There will never be a simple answer to this question. Very likely there are many factors and some play a bigger role than others.
However, I strongly believe that scare tactics don't work to reduce drug use. I talked about that a bit in my post reviewing the documentary American Meth.
Today I saw a piece of research that found that scare campaigns may actually increase drug usage. Of course, since the research supported my point of view, I was quick to give it credence.
However, based on my own experiences, I think I have some idea of why scare campaigns could actually backfire.
If a young person is looking for excitement, they certainly don't find it by following advice from authority figures about how to be safe.
At 18 I had heard all sorts of lurid tales of what drug use could do to a person. The first time someone offered me a chance to try marijuana, I had a strong sense that it might be dangerous.
Danger did not deter me. I think it drew me in. I wanted to do something scary.
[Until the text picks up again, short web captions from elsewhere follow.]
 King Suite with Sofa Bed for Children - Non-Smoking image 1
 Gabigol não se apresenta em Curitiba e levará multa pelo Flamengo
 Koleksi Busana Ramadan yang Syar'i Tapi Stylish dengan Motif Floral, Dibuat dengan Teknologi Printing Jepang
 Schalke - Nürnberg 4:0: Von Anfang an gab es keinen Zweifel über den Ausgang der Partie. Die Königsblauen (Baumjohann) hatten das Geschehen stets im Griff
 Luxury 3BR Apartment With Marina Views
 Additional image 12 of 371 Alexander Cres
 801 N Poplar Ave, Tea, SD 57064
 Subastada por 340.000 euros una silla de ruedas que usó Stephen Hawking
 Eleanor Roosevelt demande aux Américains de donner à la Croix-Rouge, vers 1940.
Smoking marijuana was scary in 1968 for several reasons. I had been warned that using it could lead to more dangerous drugs. Also, marijuana was illegal in Pennsylvania. I knew that some kids actually wound up in jail for simple possession. Consider, this was an era when a young man sporting long hair was considered to be a dangerous rebel by the mainstream. A number of folks were convinced that sex, drugs, and rock and roll heralded the end of civilization. I hadn't had sex yet, but I sure wanted to. I loved rock and roll. I was already two thirds of the way toward being a major social menace. I was almost compelled to explore that last third.
The high I got those first few times was mildly amusing. When I did not immediate become unhinged and start looking for heroin, I decided that all the warnings I had heard were nonsense. I was actually a bit disappointed that the drug seemed so tame.
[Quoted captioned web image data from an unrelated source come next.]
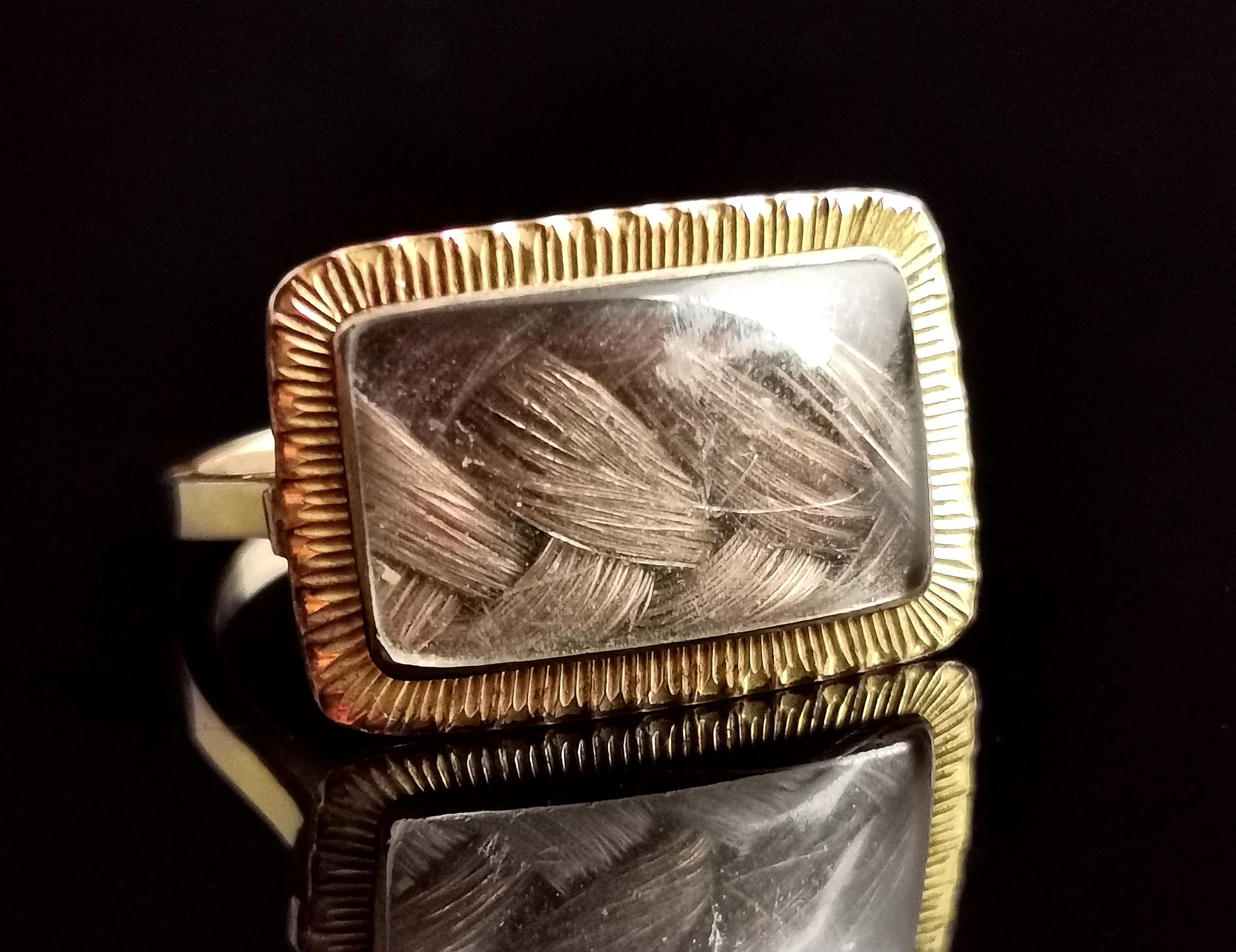 Une charmante conversion d'anneau de deuil victorien antique.

Transformée à l'origine en broche ou en épingle à dentelle, cette belle pièce a été transformée en bague. La monture en or 9 carats du début de l'ère victorienne est montée sur un anneau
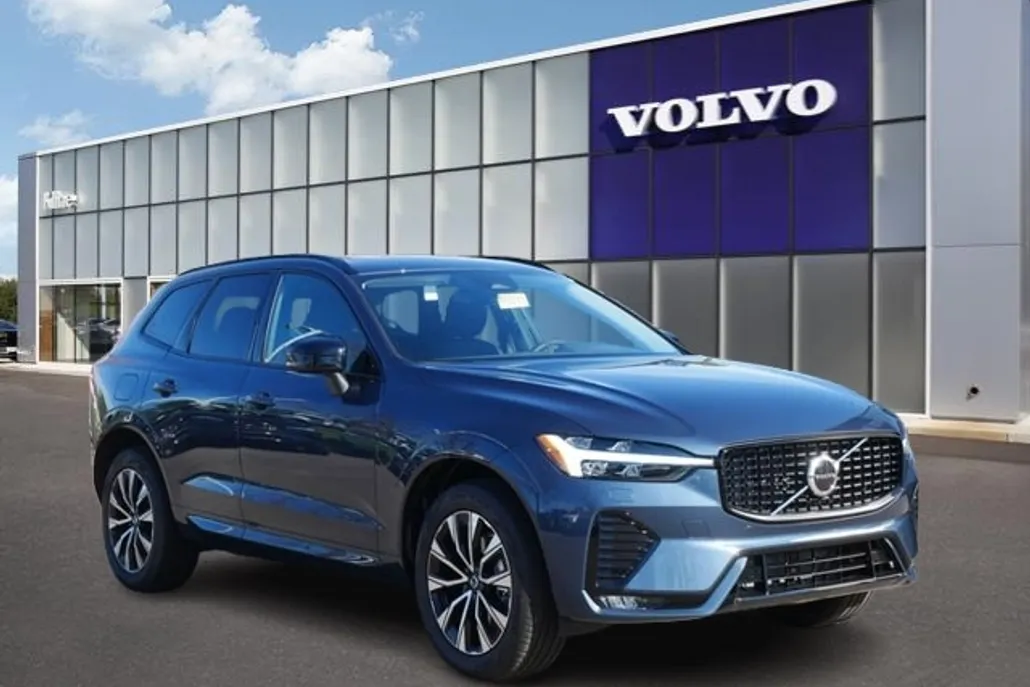 2025 Volvo XC60 B5 Core photo 1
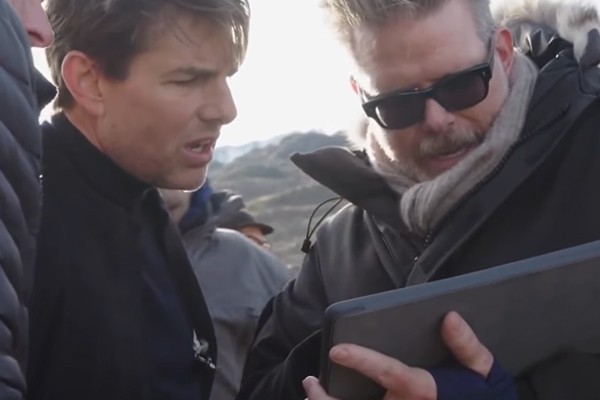 Tom Cruise e Christoper McQuarrie em bastidores de Missão: Impossível - Efeito Fallout (2018) (Foto: Reprodução)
I did wind up progressing to more addictive drugs in the decade following that early experimentation. I don't think it was the power of marijuana that led me on to new experiments. On the contrary, I wanted to up the ante. To see what it would be like to do something truly dangerous. I tried LSD and found that it was anything but tame. I snorted cocaine and felt like superman. Ditto for methamphetamine. I tried various opiates. Needles scared me too much (mostly because they hurt when you stick them in). So I decided needles really were for losers. That was pretty much the only boundary line I knew: if it hurts too much, don't do it.
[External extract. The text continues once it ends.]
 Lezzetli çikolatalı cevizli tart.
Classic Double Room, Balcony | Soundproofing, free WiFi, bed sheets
I knew there were other, more socially approved ways of achieving a thrill. However, it would be a long time before I had a chance for international travel, rock climbing, or diving off high cliffs. The drugs were immediately available. It was actually easier for me to buy marijuana rather than beer.
By the time I was a sophomore, I had befriended any number of drug users and even drug dealers. The boundary between the two is vague. One quick way to get money for more drugs is to sell part of what you have for more than you paid. I liked the idea that I was part of an underground. A dealer fearing possible arrest asked me to store some hashish and hundreds of hits of acid for him. I did so. I thought it very clever that no one would ever suspect Kent, the clean cut engineering student, would have a small fortune in drugs in his desk drawer.
It is quite possible that by now you wondered, "WHAT WAS HE THINKING!". The answer is simple. I wasn't thinking. I wanted thrills and this was a quick and easy way to get some.
Remember those scare tactics? They are essentially an incentive for many young folks to try drugs.
Eventually I learned that drug use really did have serious negative effects. It took more than a decade for me to arrive at that conclusion. Meanwhile, I wasted a lot of time. I probably injured myself, and I was passing lots of money on to some very unsavory people.
I wish I had known that there really are a lot of positive ways to get thrills. I'm not talking about rock climbing or motorcycles. I came to love the thrill of accomplishment. I loved the thrill of marrying and starting a family.
Eventually I realized that the biggest thrill of all is knowing God and inviting Him to make me more like Jesus. The irony is that at 18 I would have thought that would be one of the most boring and completely foolish things I could do.
Well, I got part of that right. I am a fool for Christ.